Read on to make sustainable weight-loss changes that could last a lifetime.
STEP 1: Munch mindfully
“Abs are created in the kitchen” is a phrase you’ll have heard countless times before, and quite rightly so because a healthy diet has to be a part of the weight-loss equation.
Sure, exercise is essential for slimming down, but diet plays a role too, and you shouldn’t go into any transformation a plan without that in mind.
It all boils down to calories you getting in versus calories out – to lose body fat, you have to use more calories than you consume.
While you could use your basal metabolic rate (BMR) to calculate your daily calorie needs, the basic things you need to change are your eating habits – portion size, food selection, frequency of takeaways, and alcohol consumption.
Start by bringing an awareness of what you’re consuming – check the number of calories in the foods you eat and monitor how much you put on your plate.
There are simple things you can do that will make a huge difference straight away, such as purchasing low-calorie alternatives to the foods you like to consume (think lighter cheese instead of conventional cheddar, and low-calorie versions of the sauces and dressings
Minimizing alcohol consumption and the number of times you have takeaways will also help, and use your hand to measure portion size – a clenched fist equals a carbohydrate serving. In contrast, a protein size is approximately the size of your palm.
STEP 2: Picture your progress
A growing number of people document their weight-loss stories on social media, and they’re not wrong to do so, as studies show we’re more likely to stay motivated to slim down if we take photos of our progress.
The best method is to take a photo from your front, back, and sides, wearing the same clothes, using the same lighting, and choosing a good camera angle (note: angling the camera up will not be flattering).
While you might not need to ditch the scales just yet, I’d worry less about your weight measurement.

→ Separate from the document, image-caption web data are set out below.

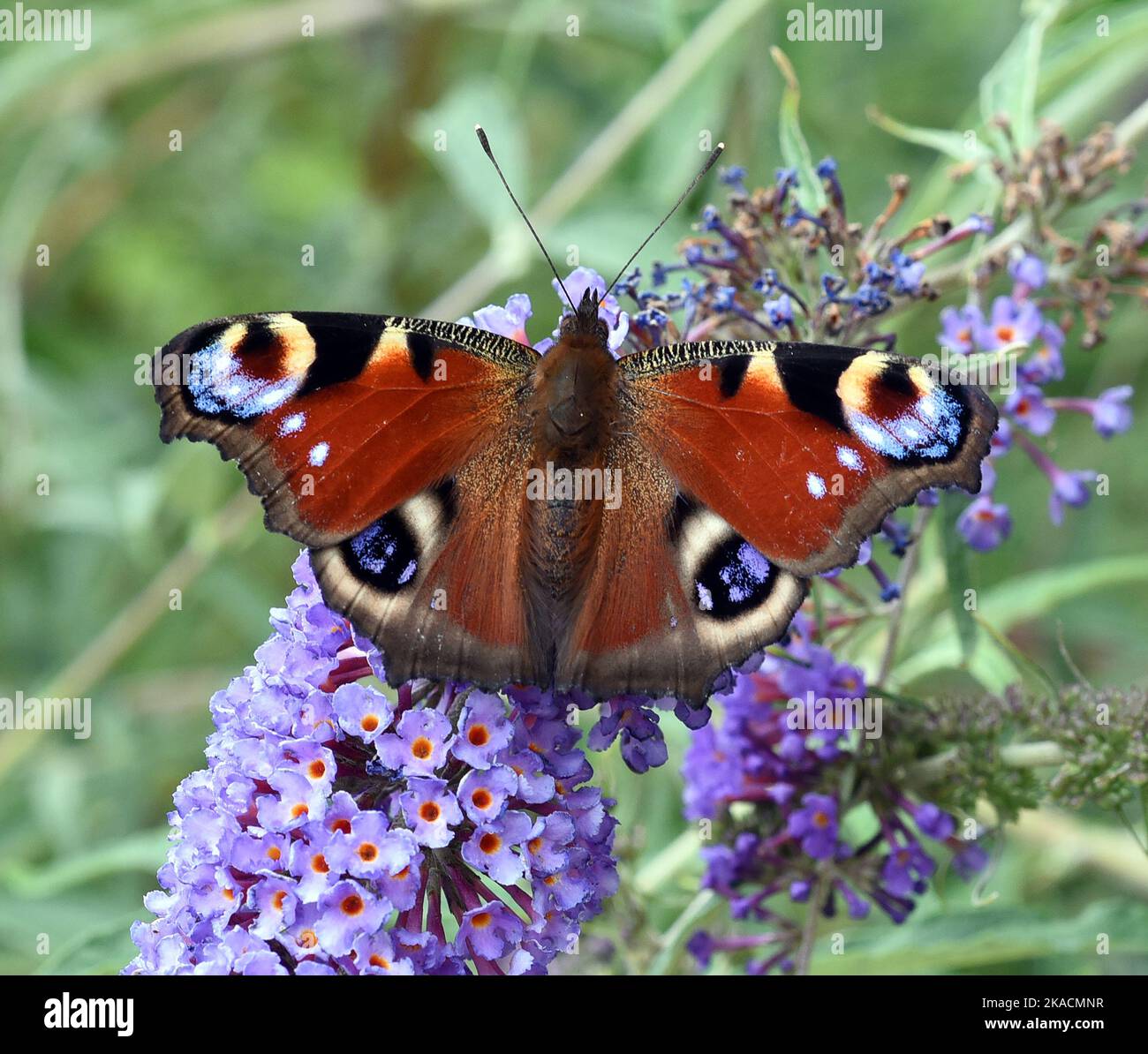Schmetterlinge sind Insekten mit grossen Fluegeln. Las mariposas son insectos con alas grandes. Foto de stock
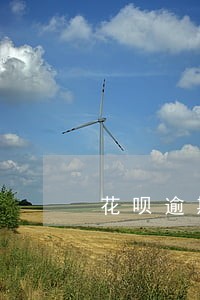 花呗逾期三百块三年了怎么办 花呗逾期三百块三年了怎么办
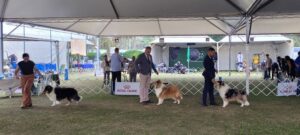 Collie – 31ª Expo Panamericana da FECERJ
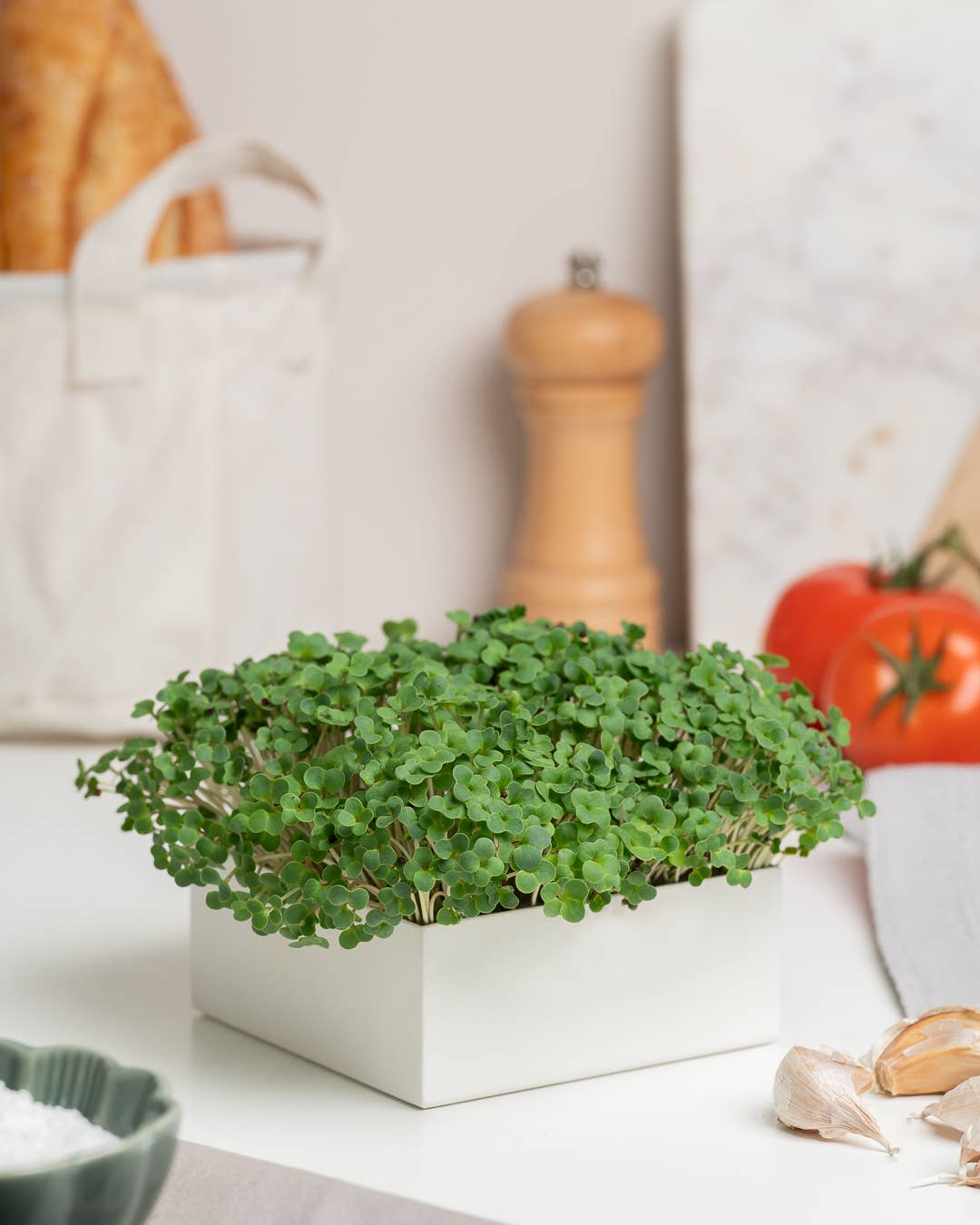 Life in a bag - Wholesale Plant Seeds - Microgreens Uno Watercress1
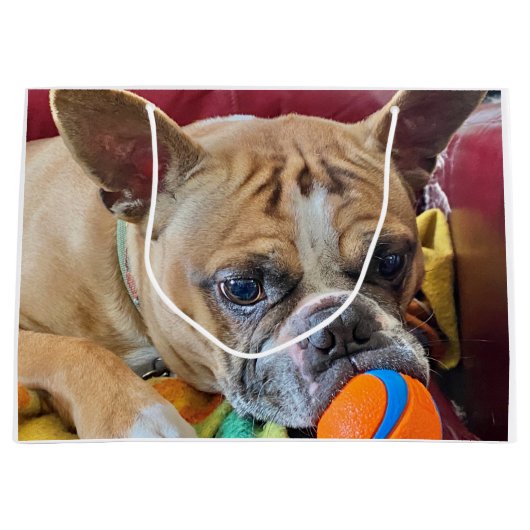 Happy Birthday Brindle Bostyon Terrier Groot Cadeauzakje (Voorkant)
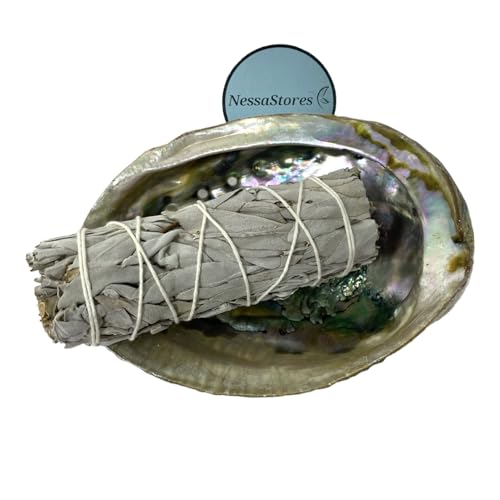 NessaStores 2 pc Sage Smudge Kit with 4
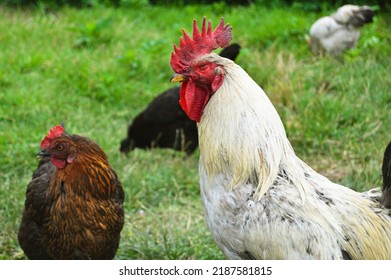 3,501 Running rooster Images, Stock Photos & Vectors | Shutterstock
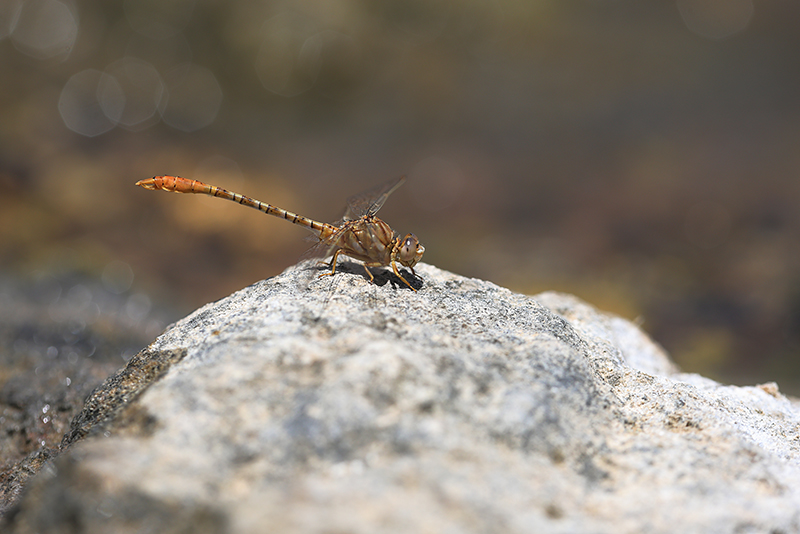Mannetje Moorse tanglibel | Onychogomphus costae.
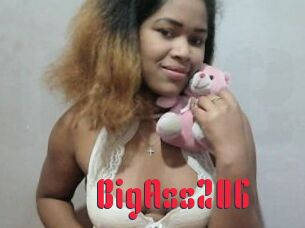 BigAss206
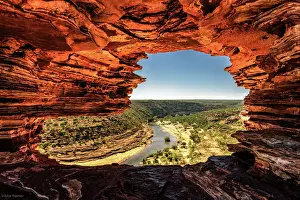 Nature Window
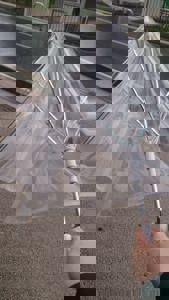 出勤しました♪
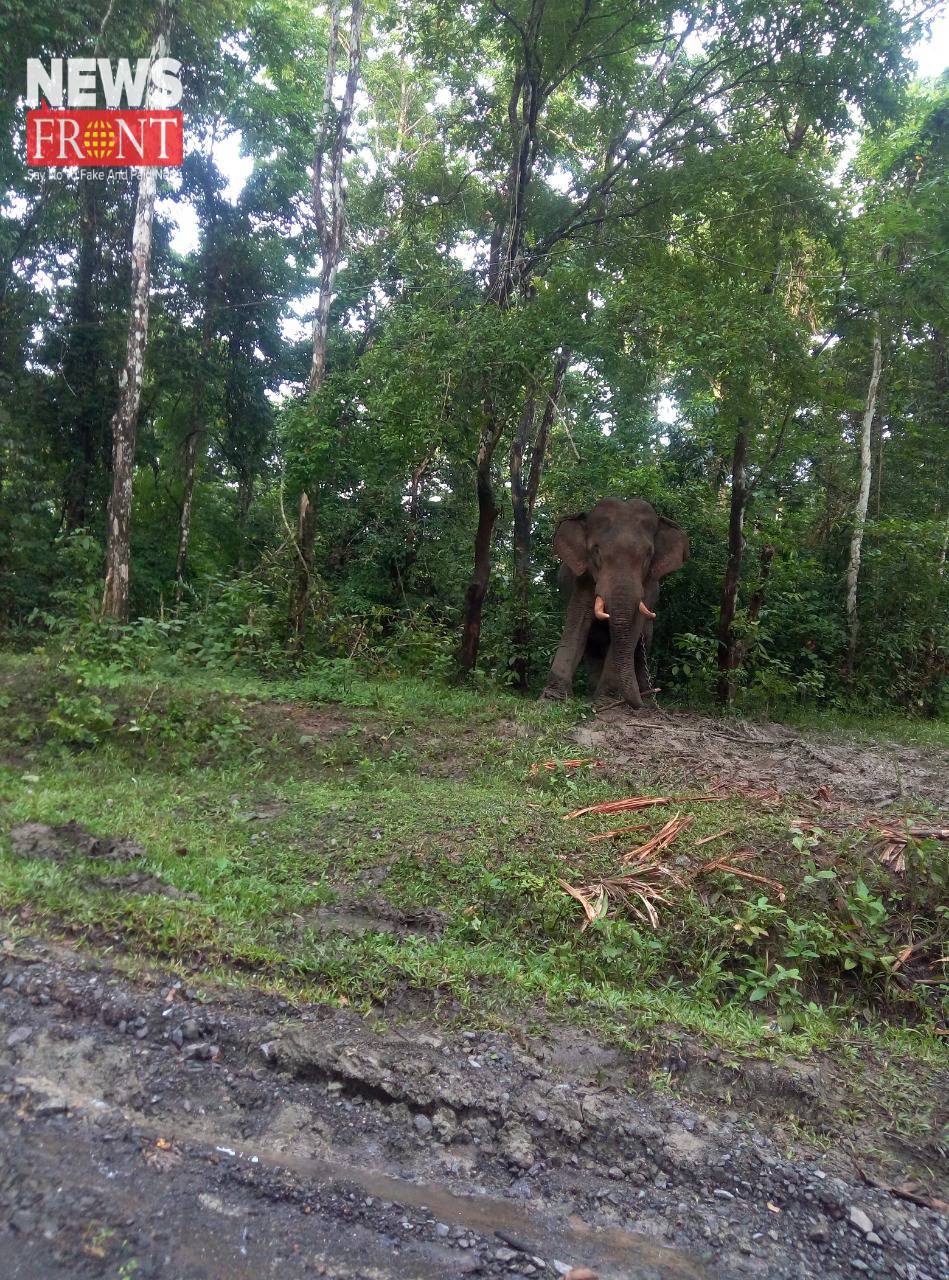 elephant in forest | newsfront.co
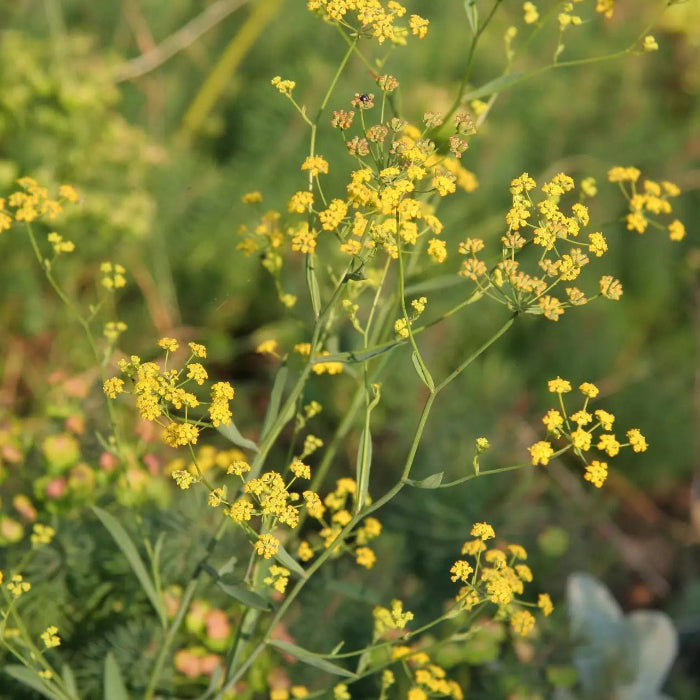 Golden Blooms Bupleurum Seeds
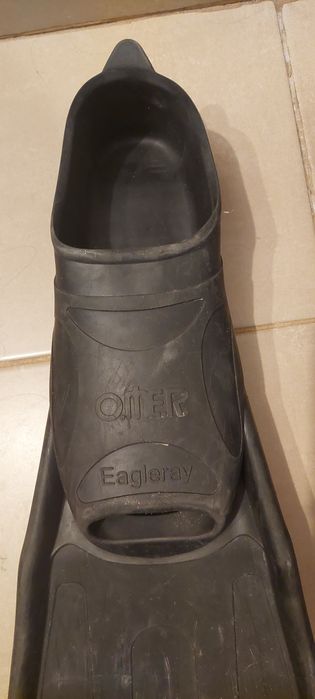 Labe inot, scufundari libere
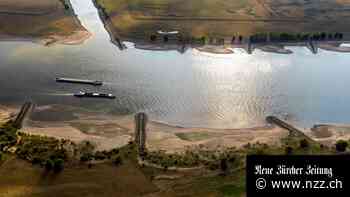 Niedrigwasser im Rhein: «Eine Entwarnung kann noch nicht gegeben werden»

It can fluctuate with where you are in your cycle and what you had to eat the night before.
If you decide to document your weight, always measure at the same time and on the same day each week, and do it before you eat or drink anything.
So, let’s say every Friday morning when you wake up.
Body measurements can be useful – if you lose body fat, you’ll definitely get smaller around your mid-section, so measuring your waist may help you stay on track.
STEP 3: Go for the goal
We tend to overcomplicate body goals, but weight loss is not a complicated science – you must eat fewer calories and move a bit more.
That said, the exercise you do matters, and clocking a workout that doesn’t challenge you probably won’t cut it (remember, you need to burn more calories than you consume).
A common mistake is to overestimate how many calories are burned during a workout, which is why high-intensity interval training (HIIT) is a popular form of exercise for weight-loss goals – it burns a bunch of calories in a relatively brief period of time.
I’d suggest doing three or four HIIT sessions a week, depending on your exercise experience.
Top that off with one session of steady-state cardiovascular exercise to
bring your weekly total to four or five workouts.
If your target is to tone up, you ultimately want to cut down your body fat percentage and build a bit more muscle mass, and the best way to achieve that is through weight training and smart eating.
I’d recommend doing three to five weighted sessions a week, plus a session of HIIT thrown in for good measure.
This is just a guide – the best number of days to work out for is the number you’ll find sustainable.
If you start by doing five workouts on week one, four workouts on week two because you’re tired, and two workouts on week three because you’re demotivated, you won’t reach your goals.
It’s far better to start by doing two workouts and then build-up
as time goes on and if other commitments allow it.